City councillors still feeling left out after lost motion

Photo Credit: Kevin King / Winnipeg Sun

All Councillors are elected to represent the citizens of the ward. I strongly believe poor decisions are made  – that negatively impact tax payers – when only almost half of Councillors are restricted from receiving pertinent information. Thank you Winnipeg Sun for covering this important issue.

City councillors still feeling left out after lost motion

James Snell Publishing date: Sep 23, 2020

This issue of some Winnipeg city councillors feeling left out of policymaking due to committee representation remains unresolved.

On Wednesday, a Governance Committee voted 2-2 – a lost motion – to amend a by-law requiring each Standing Policy Committee (SPC) be composed of at least 50% members of Council who have not been appointed to the Executive Policy Committee (EPC) or the positions of deputy and acting deputy mayor.

Coun. Matt Allard (St. Boniface) and Coun. Devi Sharma (Old Kildonan Ward) voted to receive the motion as information. Coun. Jason Schreyer (Elmwood-East Kildonan) and Coun. Janice Lukes (Waverley West) voted against receiving the motion as information.

The matter was moved to EPC without recommendation.

Coun. Jason Schreyer (Elmwood-East Kildonan) said EPC members tend to elect themselves more often to City committees. Therefore, he said, there tends to be more EPC members on committees, which creates dysfunction at the City.

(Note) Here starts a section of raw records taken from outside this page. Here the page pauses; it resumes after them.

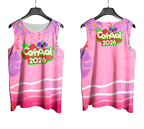 Arte Vetor Abadá Carnaval 2026 Rosa Vibrante - Mockup Frente e Costas com Fundo Transparente
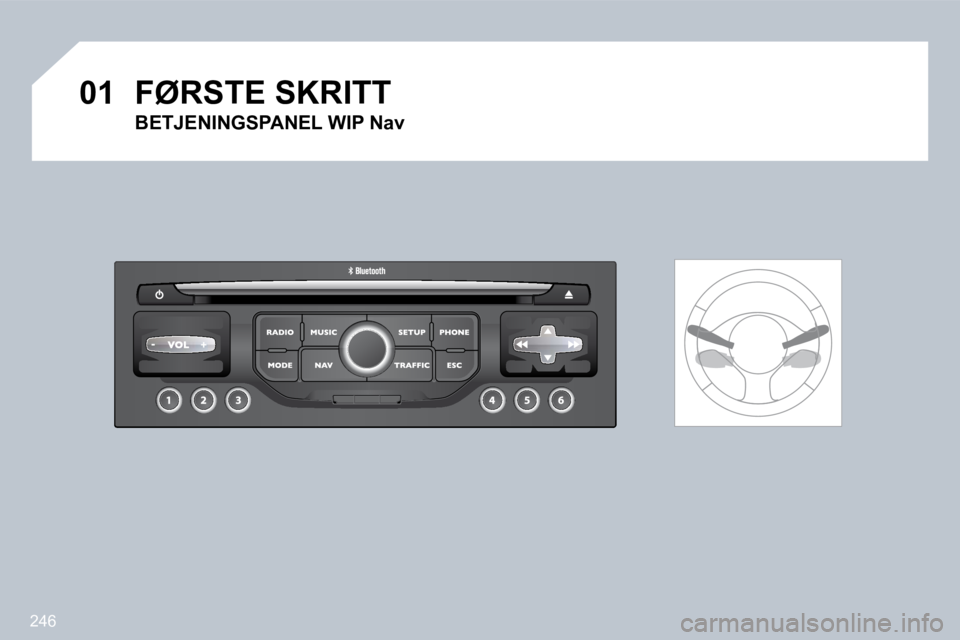 PEUGEOT 3008 2009.5.  Instruksjoner for bruk (in Norwegian) 246
01 FØRSTE SKRITT 
  BETJENINGSPANEL WIP Nav      
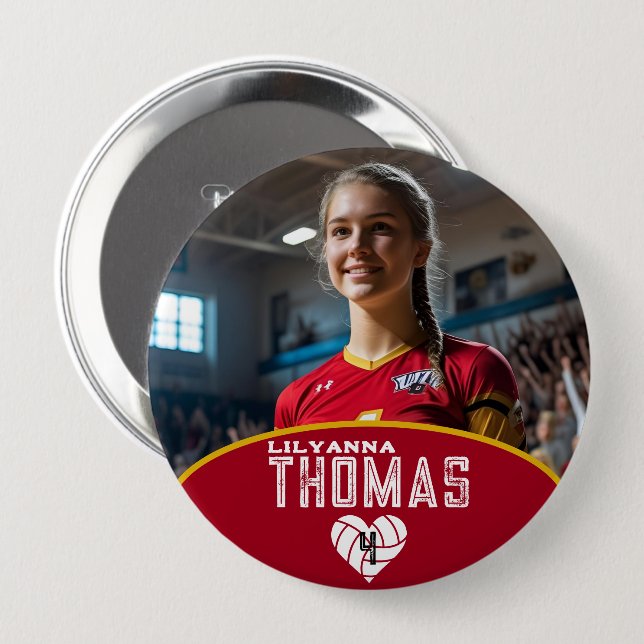 Personalised Picture Volleyball Player Name Number 10 Cm Round Badge (Front & Back)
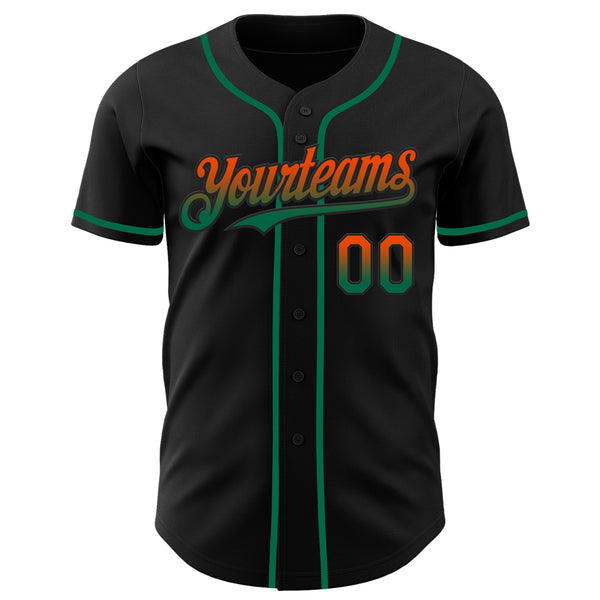 Custom Black Orange-Kelly Green Authentic Fade Fashion Baseball Jersey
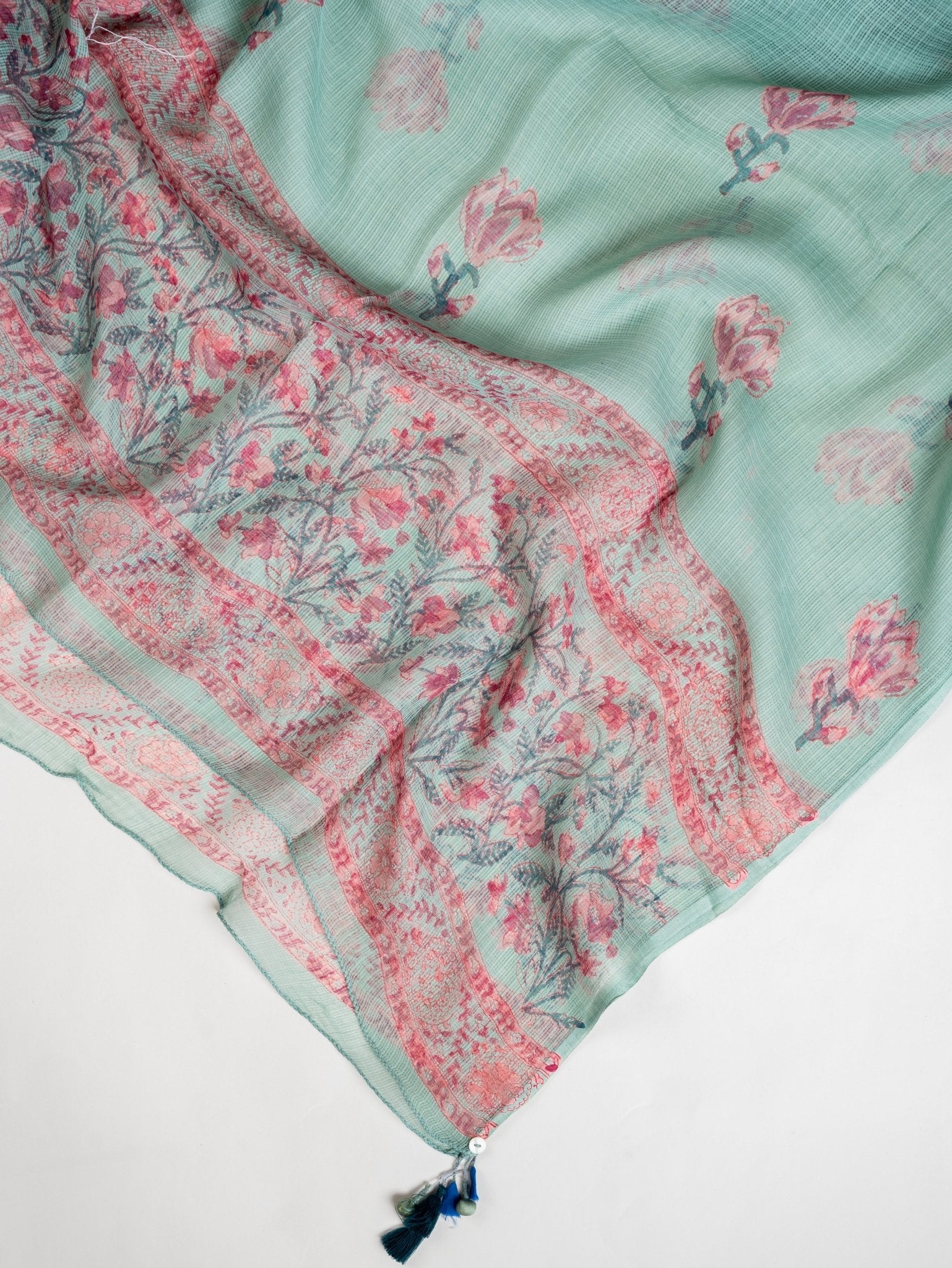 Harsha Kota Doria Block Printed Dupatta - AINA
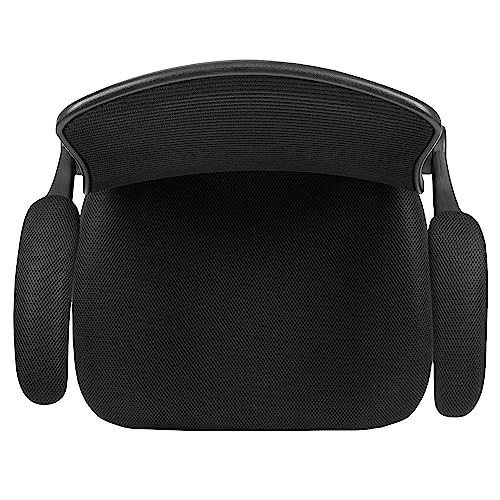 Flash Furniture Kelista Mid-Back Swivel Office Chair with Adjustable Seat Height, Ergonomic Mesh Desk Chair with Flip-Up Armrests, Black Flash Furniture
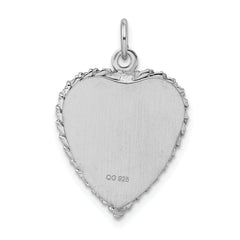Sterling Silver 925 Sweet Sixteen Charm with Rhodium-Plated Polished Finish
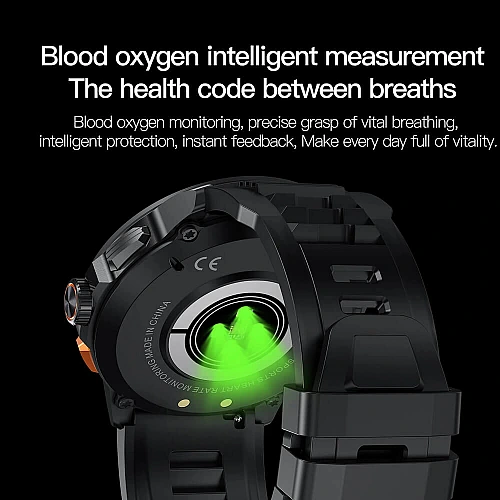 Smartwatch Microwear AK77 - Black Silicone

“The issue is, they get more classified or undisclosed information than non-EPC members even though we are all equal as councillors,” he said. “So, some councillors are trying to fix this problem we have at City Hall. When my dad (former Manitoba Premier Edward Schreyer) and former Winnipeg Mayor Stephen Juba drafted the charter to create the new City of Winnipeg when they amalgamated 13 municipalities into one, they had no intention of looking at EPC as a cabinet or a party against those who are not EPC.”

Coun. Janice Lukes (Waverley West) said on Wednesday that in 2019, 58 meetings with EPC members, the deputy mayor, and acting deputy mayor and the public service were held behind closed doors.

“Information was shared, perspectives were presented, influences used,” she said. “On the Standing Policy committees, in order to have good public scrutiny, I would like to see two non-EPC members and two EPC members. I understand about having a Governance review, but clearly we heard today there’s no idea when a final report will come to council. We started the Governance review in 2016. I think that speaks a lot about when we may actually see this evolve.”

Allard said part of his frustration with the motion is that he can’t recall one conversation where the matter was an issue to voters.

“Voters want us to figure things out,” he said. “And I think, for the most part, we do that.”